• [Goal of the exercise]: Exact copy, pictures excluded: please retype every record below.

** Data for the task follows **

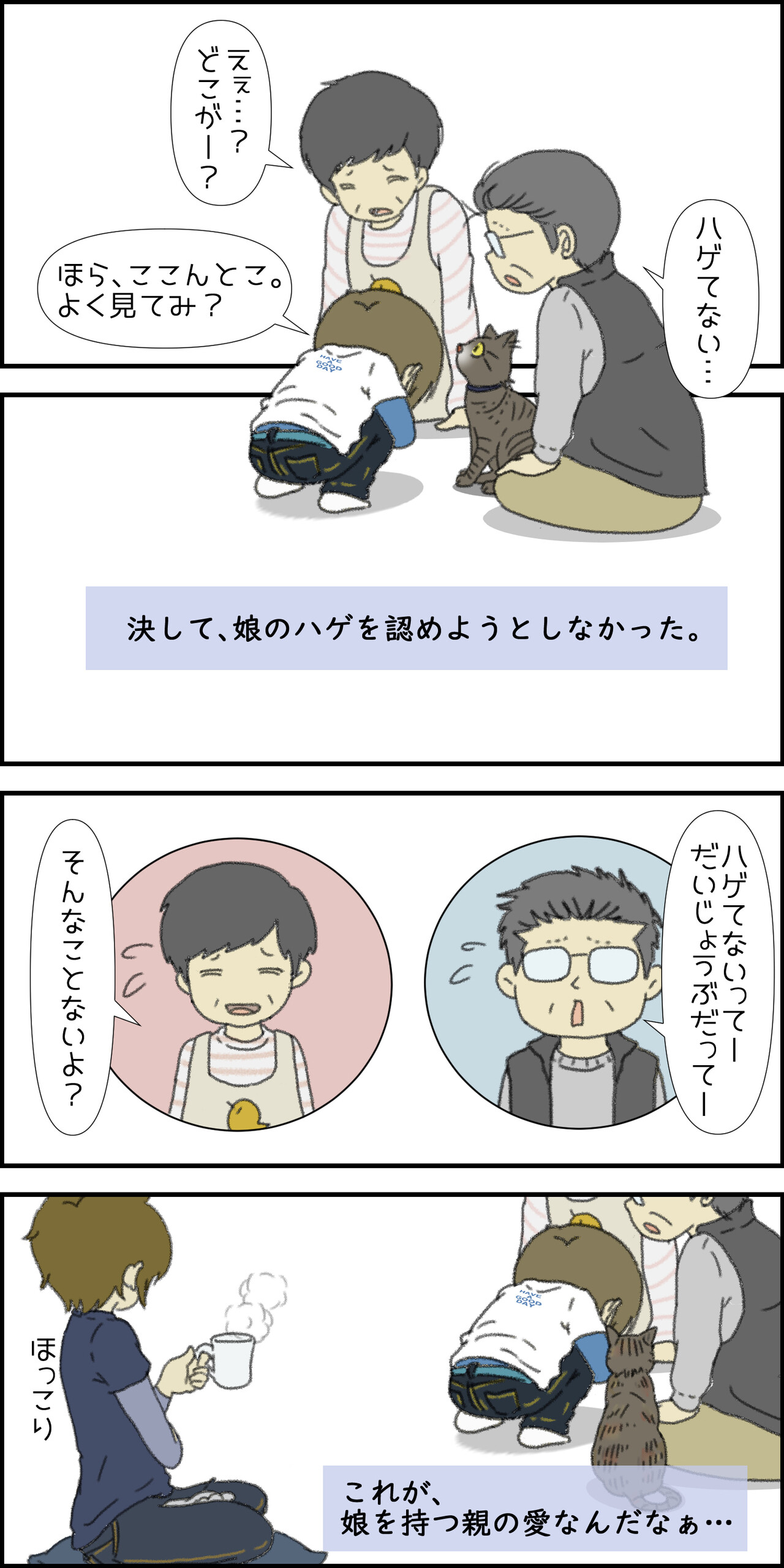 娘を持つ親の気持ち ヨメが勝手にアラームを止めちゃうんです 嫁アラーム Powered By ライブドアブログ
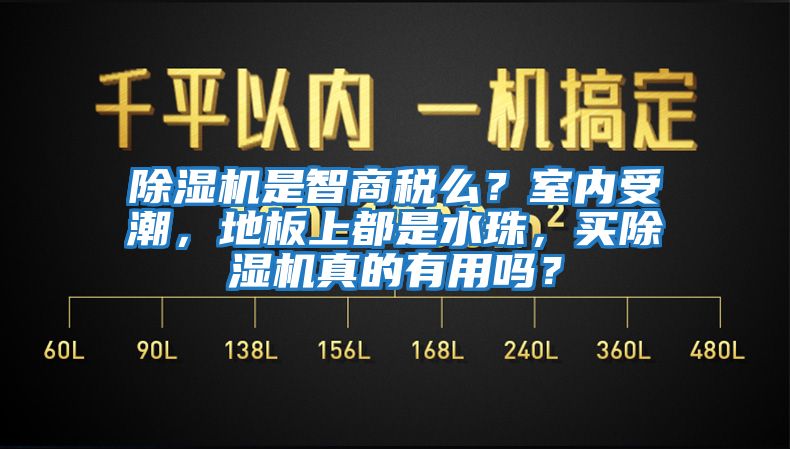 除湿机是智商税么？室内受潮，地板上都是水珠，买除湿机真的有用吗？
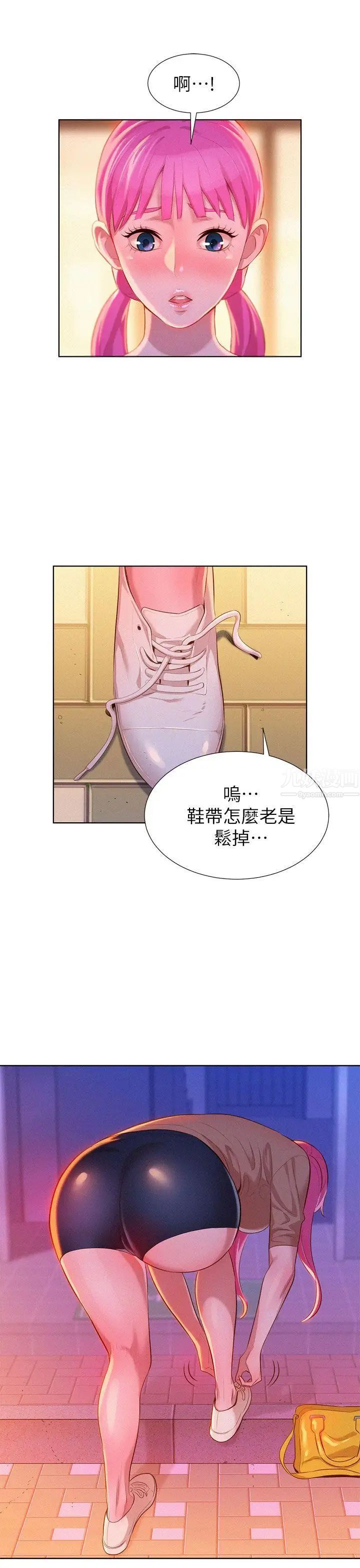 《漂亮干姐姊》漫画最新章节第5话 - 魔法的钥匙免费下拉式在线观看章节第【29】张图片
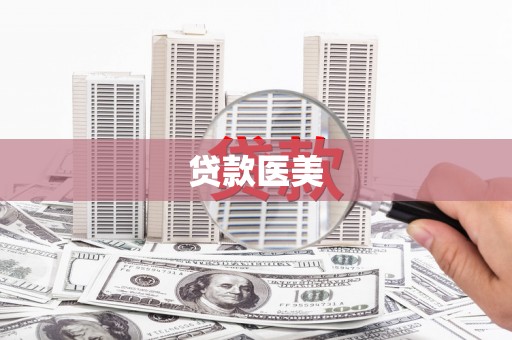 哈尔滨贷款医美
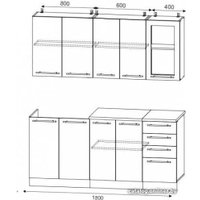 Готовая кухня Интерьер центр София Wood line 1.8 (горький шоколад)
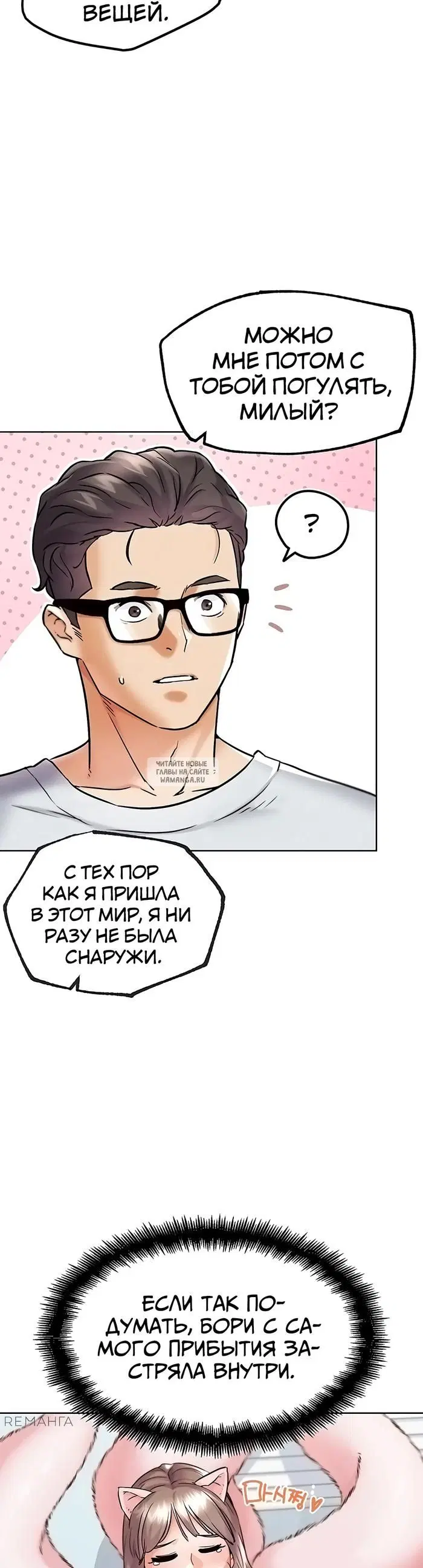 Page 45.000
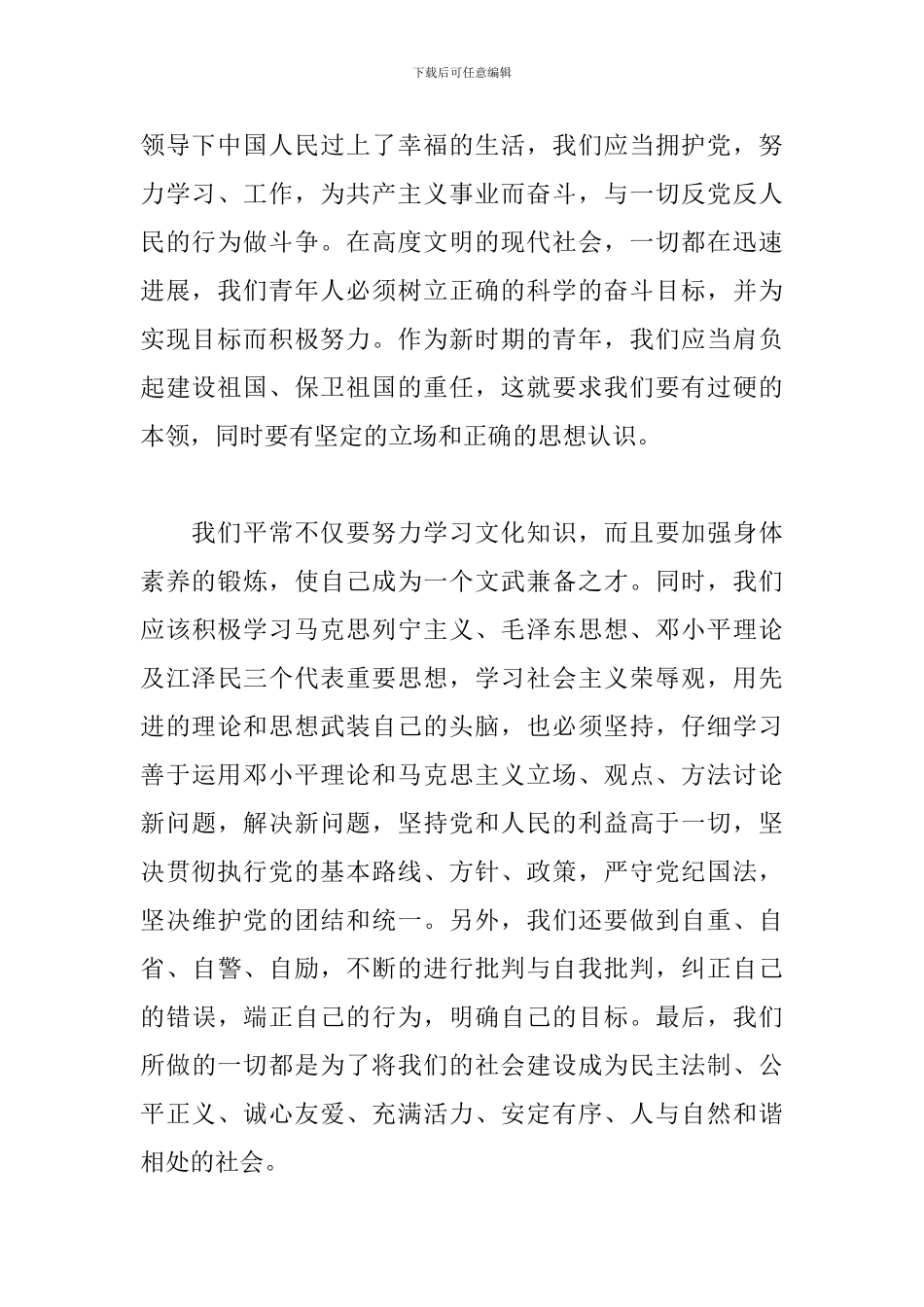 2024学党史知党情演讲稿精选4篇_第2页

** End of Data for the task **

• [Solution below]:
 娘を持つ親の気持ち ヨメが勝手にアラームを止めちゃうんです 嫁アラーム Powered By ライブドアブログ
 除湿机是智商税么？室内受潮，地板上都是水珠，买除湿机真的有用吗？
 《漂亮干姐姊》漫画最新章节第5话 - 魔法的钥匙免费下拉式在线观看章节第【29】张图片
 哈尔滨贷款医美
 Готовая кухня Интерьер центр София Wood line 1.8 (горький шоколад)
 Page 45.000
 2024学党史知党情演讲稿精选4篇_第2页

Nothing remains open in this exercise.